Forty percent of consumers believe that unlabeled genetically engineered foods and crops are unsafe. Another 40 percent are unsure. These numbers terrify large supermarket chains, biotech companies and food corporations. So does the notion that states such as Washington, Connecticut, Maine and Vermont will soon require mandatory labeling of GMOs, which will likely drive these controversial foods and crops off the market, just as labeling laws have already done in Europe.
Anti-GMO campaigners have gained the support of millions of consumers and voters by framing food safety as a populist issue. And by relentlessly and aggressively challenging the opposition – big-name companies that include Monsanto, Coca-Cola, Pepsi, Nestlé, General Mills and others.

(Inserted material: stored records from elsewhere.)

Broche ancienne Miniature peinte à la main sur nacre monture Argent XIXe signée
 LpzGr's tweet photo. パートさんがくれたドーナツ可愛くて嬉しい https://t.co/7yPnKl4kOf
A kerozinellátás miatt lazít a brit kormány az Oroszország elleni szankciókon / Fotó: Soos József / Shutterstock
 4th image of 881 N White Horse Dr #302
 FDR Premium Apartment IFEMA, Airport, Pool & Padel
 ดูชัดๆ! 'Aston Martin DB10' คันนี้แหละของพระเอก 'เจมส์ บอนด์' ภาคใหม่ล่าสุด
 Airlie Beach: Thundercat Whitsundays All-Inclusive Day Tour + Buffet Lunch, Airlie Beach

2. Unconventional “inside-outside” coalitions builds critical mass
After 20 years of grassroots public education and advocacy, the organic and natural health movements, led by a hybrid coalition of non-profit public interest groups, such as the Organic Consumers Association and Food Democracy Now, and green businesses, including Mercola.com, Dr. Bronner’s, and Nature’s Path, are approaching something like critical mass.
Over 100 million U.S. consumers are now regularly shopping for organic and natural foods, nutritional supplements and other products, giving rise to a rapidly growing $80 billion-a-year market for organic and natural products. One of the most important accomplishments of the right-to-know, anti-GMO movement has been to unite the advocacy and fundraising efforts of non-profit groups and health and green-minded for-profit businesses. After 20 years of often operating on shoestring budgets, activist groups (the “outsiders”) are now increasingly joining hands with a number of profitable organic/green/Fair Trade businesses (the “insiders”). This inside-outside strategy has managed to raise a not insignificant war chest of almost $20 million to support the state GMO labeling ballot initiatives in California and Washington in 2012 and 2013, while simultaneously pressuring major brands, such as Whole Foods Market, Trader Joe’s and Chipotle, to embrace GMO labeling.
At the same time activist groups with a more radical message (“outsiders”) are learning that you must, for maximum impact, work with more moderate groups (the “insiders”), and vice-versa. This ecumenical “inside-outside” strategy has allowed the more radical organic and natural health groups and scientists to highlight the alarming human health and environmental hazards of GMOs, and carry out boycotts, street demonstrations and direct action, while the less radical campaign groups and coalitions meanwhile appeal to a more moderate demographic with the mainstream message that consumers have the right to know what’s in their food.